Throw away the handbook of respectability
May 12, 2021
Don’t judge a book by its cover.
An age-old adage passed down between generations and the moral of countless children’s books, this lesson is ingrained in our minds from the day we can comprehend complete sentences. Yet, as often as we throw around the phrase, we forget to heed its meaning. Instead, we allow respectability politics to overshadow our principles by using outward appearance as a metric of intelligence.
Too many times, a capable candidate is turned down for a job because of their nose piercing or dyed hair. Too many times, a student is told to change their culturally significant hairstyle to something less “distracting.” Too many times, immigrants are trained to fix their accent or dialect because “it’s not professional.”
At the root of these incidents is the thriving social mindset that people must conform to mainstream standards shaped by the majority if they are to be respected.
It is the policing of one’s appearance and therefore, personality, in order to force them to conform to socially acceptable norms. If you don’t conform, you’re deemed less worthy of attention, praise or even something as basic as respect.
Respectability is a measure of actions and words, not appearances and accents. Yes, most dress codes should be followed; I wouldn’t wear a tank top and shorts to prom but we shouldn’t be making assumptions about someone’s intelligence based on how they present themself. As a guy with long hair, tattoos and a wardrobe chock-full of death metal band T-shirts, Coppell High School senior Andrew Henry has been on the receiving end of these baseless assumptions.
“I look like a stereotypical Disney Channel villain, and [others] expect me to act that way,” Henry said. “I’ll say I skate and they picture me riding down my neighborhood street smashing mailboxes with a baseball bat and throwing eggs at houses, but that’s not what happens. They assume I get into way more trouble than I ever have.”
Society has constructed a handbook of stereotypes. Here’s an excerpt from the pages: everyone who has a tattoo sleeve is a jobless criminal. People with accents aren’t communicating properly, even when they’re speaking proper English. Colored and textured hair is a distraction from learning.
Seem familiar? These are the subliminal messages we have grown up with, thrown at us from every aspect of our youth, from dress codes to job requirements to watching people cross the street because someone with a septum piercing and neck tattoo is walking in their direction.
Who decided these unwritten rules, and why are we still following them?
In American society, the answer is the white majority. By demeaning and excluding people who don’t adhere to these standards, it upholds self-serving power dynamics.
With a population that is 45% nonwhite, Coppell is a relatively diverse suburb. But by holding everyone to the same standard, we lose the nuanced features unique to each individual and become a monotonous society. From a palette of 41,421 colors, we are reduced to one.
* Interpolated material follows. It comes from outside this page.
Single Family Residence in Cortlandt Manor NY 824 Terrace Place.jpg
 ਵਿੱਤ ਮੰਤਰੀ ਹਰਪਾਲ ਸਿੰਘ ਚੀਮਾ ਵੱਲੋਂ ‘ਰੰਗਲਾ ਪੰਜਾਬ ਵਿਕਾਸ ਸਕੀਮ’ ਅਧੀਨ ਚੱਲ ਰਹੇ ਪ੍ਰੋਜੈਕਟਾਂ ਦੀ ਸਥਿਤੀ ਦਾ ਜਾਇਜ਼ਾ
“When I think about respectability politics, I think about the ways that people want people to fit into a box,” CHS debate teacher SunHee Simon said. “Typically, in order for people to be more digestible, and in order for everyone to be more comfortable, people might ask you to change some parts of yourself so everything fits a cookie cutter mold [instead of] people being individuals.”
Over the course of time, Coppell ISD has made strides in accepting the myriad of ways people choose to express themselves. While the student handbook contains a dress code that bans “unnatural” hair colors that may be deemed as a distraction, it specifies the enforcement of these rules are at the discretion of campus administration. For CHS, assistant principal Chris Gollner thinks there has been a cultural shift away from the consequences of minimal violations of the dress code such as having colored hair.
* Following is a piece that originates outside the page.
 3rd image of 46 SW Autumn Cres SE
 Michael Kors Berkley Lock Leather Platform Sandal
“I remember you had to have your natural hair color because somehow [colored hair] was a distraction,” Gollner said. “But I think our kids are expressing themselves through fashion [and] through art. [CISD] wants you to express yourself. Of course, there’s a level of appropriateness that needs to occur and there are guidelines we will follow to ensure student safety.”
Still, we cannot deny that prejudice shapes interactions. We cannot afford to force assimilation to a standard for the sake of respectability, especially not if we want to preserve the diversity our community is so proud of. So how can we move away from a culture of generalizations and toward a culture of acceptance?
Educate others. Catch yourself before you stereotype or make judgements and always allow people to express themselves authentically. Throw away society’s handbook and replace its arbitrary metrics with real conversation. It may sound like the moral of a cheesy coming-of-age movie, but judgment-free spaces are few and far between. Be the person who advocates uniqueness, not the one who contributes to a society converging on uniformity.
At the very least, go past the cover and read the first page before you walk away.